*DATA SUPPLIED*:
▬▬▬▬▬▬

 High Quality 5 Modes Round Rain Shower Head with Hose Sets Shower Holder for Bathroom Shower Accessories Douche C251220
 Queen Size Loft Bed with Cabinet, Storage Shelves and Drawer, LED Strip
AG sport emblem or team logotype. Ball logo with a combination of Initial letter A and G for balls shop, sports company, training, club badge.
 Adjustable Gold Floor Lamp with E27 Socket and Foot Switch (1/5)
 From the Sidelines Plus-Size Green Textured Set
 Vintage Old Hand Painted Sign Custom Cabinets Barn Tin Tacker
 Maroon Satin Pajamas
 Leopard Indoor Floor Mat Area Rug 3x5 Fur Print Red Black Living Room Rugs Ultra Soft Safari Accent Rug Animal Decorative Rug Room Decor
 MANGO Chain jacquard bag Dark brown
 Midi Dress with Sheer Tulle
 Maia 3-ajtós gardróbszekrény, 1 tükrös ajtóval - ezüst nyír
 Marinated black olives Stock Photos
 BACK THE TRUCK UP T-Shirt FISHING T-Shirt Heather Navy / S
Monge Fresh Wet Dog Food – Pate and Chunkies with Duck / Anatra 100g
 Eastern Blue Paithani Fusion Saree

▬▬▬▬▬▬

List, from the entries above, every line in which the word "with" shows up.

 High Quality 5 Modes Round Rain Shower Head with Hose Sets Shower Holder for Bathroom Shower Accessories Douche C251220
 Queen Size Loft Bed with Cabinet, Storage Shelves and Drawer, LED Strip
AG sport emblem or team logotype. Ball logo with a combination of Initial letter A and G for balls shop, sports company, training, club badge.
 Adjustable Gold Floor Lamp with E27 Socket and Foot Switch (1/5)
 Midi Dress with Sheer Tulle
Monge Fresh Wet Dog Food – Pate and Chunkies with Duck / Anatra 100g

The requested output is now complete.